胸元の膨らみが自分の胸元に当たりその柔らかさが直に伝わってくる。
俺にドキドキしていると言っていたが陽心自身の鼓動も早くなっているのが分かる。
「よ、陽心、、近い、、。」
「慎くん、、。」
陽心は頬が熱って目が潤んで、とても妖艶な表情をしていた。
体を密着させたまま俺の頬を両手で覆い、顔を近づけてくる。
「お、おい。陽心、、。」
距離がもうあと5cmほどのところで陽心の吐息が唇に触れた。
「、、、慎くん。」
「、、、陽心。
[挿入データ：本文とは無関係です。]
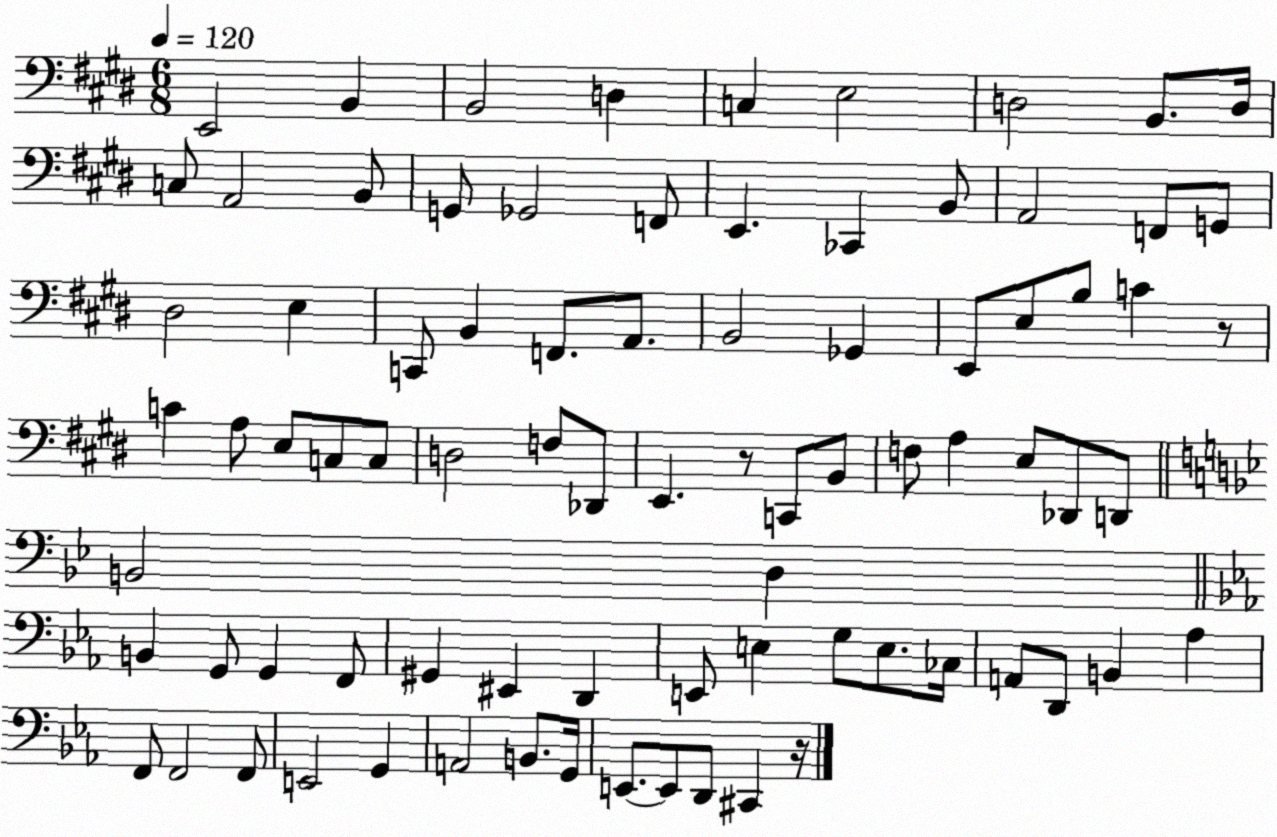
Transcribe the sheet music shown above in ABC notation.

X:1
T:Untitled
M:6/8
L:1/4
K:E
E,,2 B,, B,,2 D, C, E,2 D,2 B,,/2 D,/4 C,/2 A,,2 B,,/2 G,,/2 _G,,2 F,,/2 E,, _C,, B,,/2 A,,2 F,,/2 G,,/2 ^D,2 E, C,,/2 B,, F,,/2 A,,/2 B,,2 _G,, E,,/2 E,/2 B,/2 C z/2 C A,/2 E,/2 C,/2 C,/2 D,2 F,/2 _D,,/2 E,, z/2 C,,/2 B,,/2 F,/2 A, E,/2 _D,,/2 D,,/2 B,,2 D, B,, G,,/2 G,, F,,/2 ^G,, ^E,, D,, E,,/2 E, G,/2 E,/2 _C,/4 A,,/2 D,,/2 B,, _A, F,,/2 F,,2 F,,/2 E,,2 G,, A,,2 B,,/2 G,,/4 E,,/2 E,,/2 D,,/2 ^C,, z/4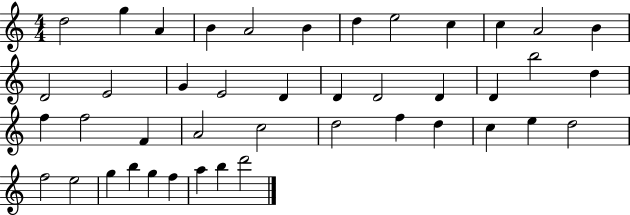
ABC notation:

X:1
T:Untitled
M:4/4
L:1/4
K:C
d2 g A B A2 B d e2 c c A2 B D2 E2 G E2 D D D2 D D b2 d f f2 F A2 c2 d2 f d c e d2 f2 e2 g b g f a b d'2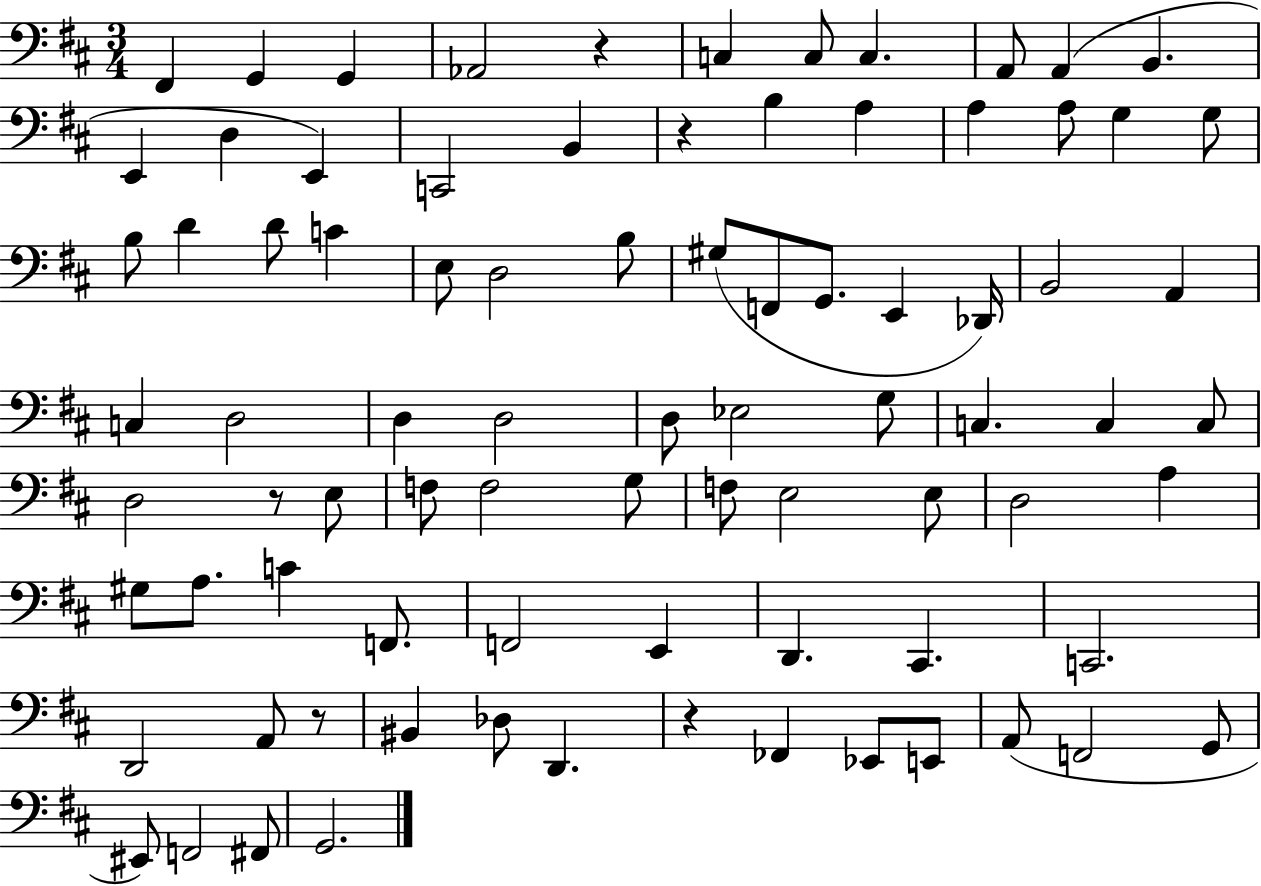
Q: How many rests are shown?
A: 5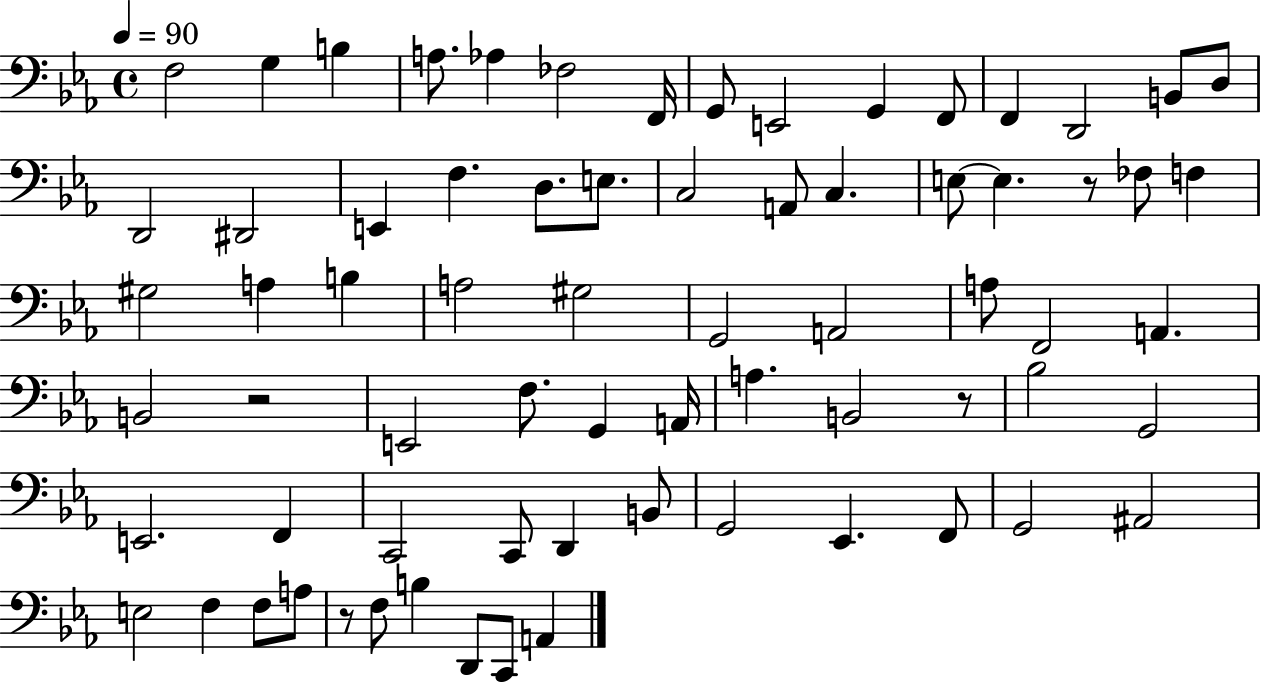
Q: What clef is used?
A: bass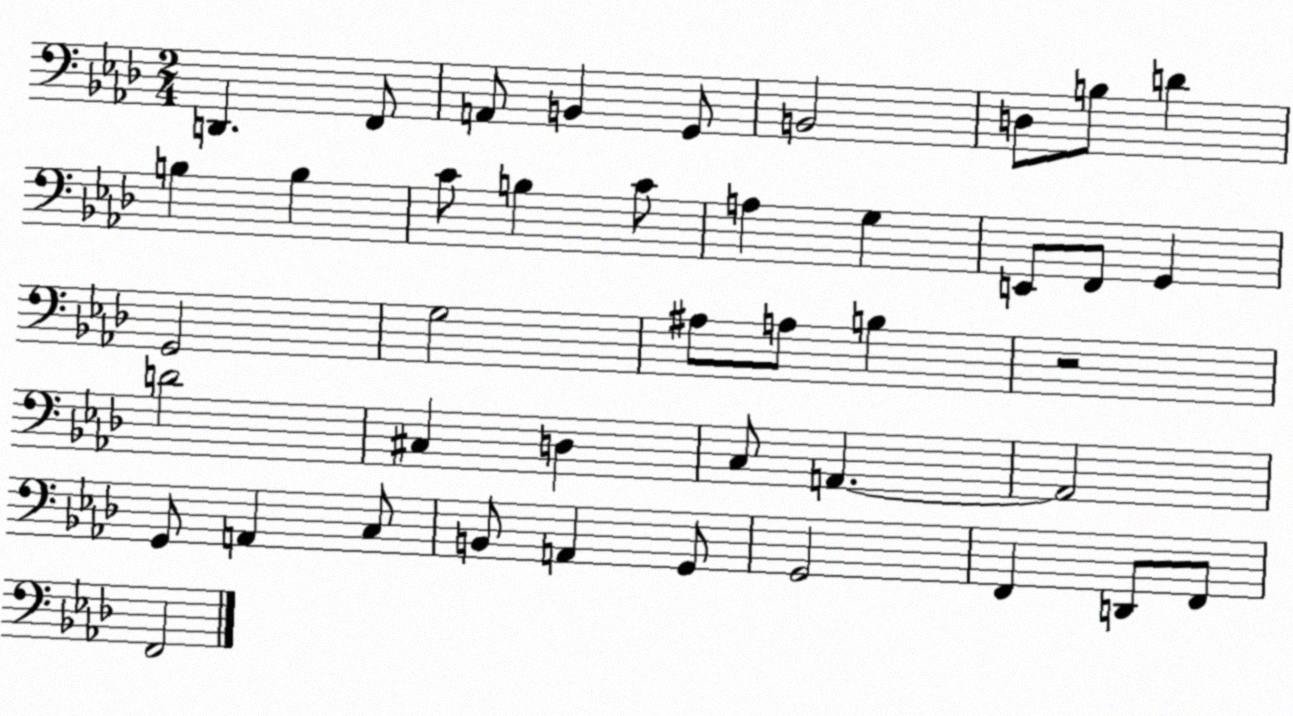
X:1
T:Untitled
M:2/4
L:1/4
K:Ab
D,, F,,/2 A,,/2 B,, G,,/2 B,,2 D,/2 B,/2 D B, B, C/2 B, C/2 A, G, E,,/2 F,,/2 G,, G,,2 G,2 ^A,/2 A,/2 B, z2 D2 ^C, D, C,/2 A,, A,,2 G,,/2 A,, C,/2 B,,/2 A,, G,,/2 G,,2 F,, D,,/2 F,,/2 F,,2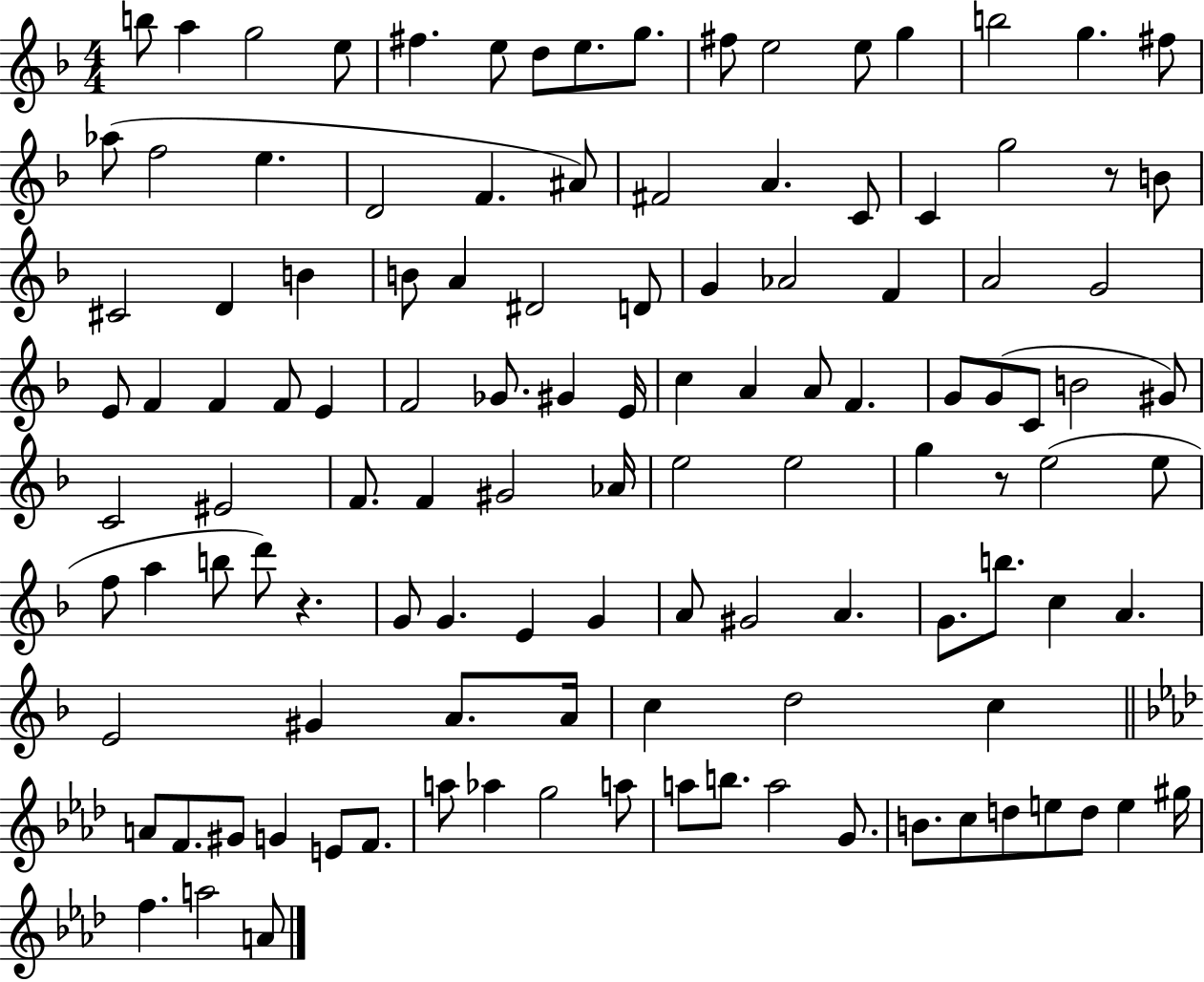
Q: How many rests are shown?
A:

」
あ、もうすぐ唇が触れ
ジリリリリリリリリリリリリ!!!!
「うおああ!!!!」
ゴン!!
「痛っ、、、!!!」
目覚ましの音に驚き勢いよく起き上がろうとして手を滑らせ、頭から床に落ちた。
この状況が現実なのは頭の痛みでよく分かる。
「、、、。」
ジリリリリリリリリリ!!
バイトに行くためにかけておいた目覚ましは、俺のこの虚しさなんてお構いなしに、部屋中に爆音を鳴り響かせていた。
「、、、、、煩悩だ。」
強く打った頭をさすりながら、のそのそと起き上がりうるさく鳴り響く目覚ましを少し乱暴めに止めた。
* * *
「行ってきまーす。」
外はいつものように、いや、いつもより蒸し暑い。
天気は曇りだが、その蒸し暑さのせいで少し歩いただけでもう汗ばんでいる。
「曇りか、、、。」
空を見上げると分厚い雲が空を覆っていてそれがまるで自分の気持ちを表しているかのようだった。
あんな夢を見るのは久しぶりだ。
久しぶりというと前にもあるのかよと思うだろうが、正直何度もある。
でも最近はあまり見ていなかった。
多分、良いも悪いもいろんなことがあったから煩悩が暴れ出したのかもしれない。
それにしてもあの目覚まし、タイミングが悪すぎるだろ。
「はあ、、、、。切り替えよう。」
陽心と圭介と近くのファミレスに行った時、陽心と繋いだ手の感触やその前に思ったあの熱量がありすぎる感情を今でも覚えている。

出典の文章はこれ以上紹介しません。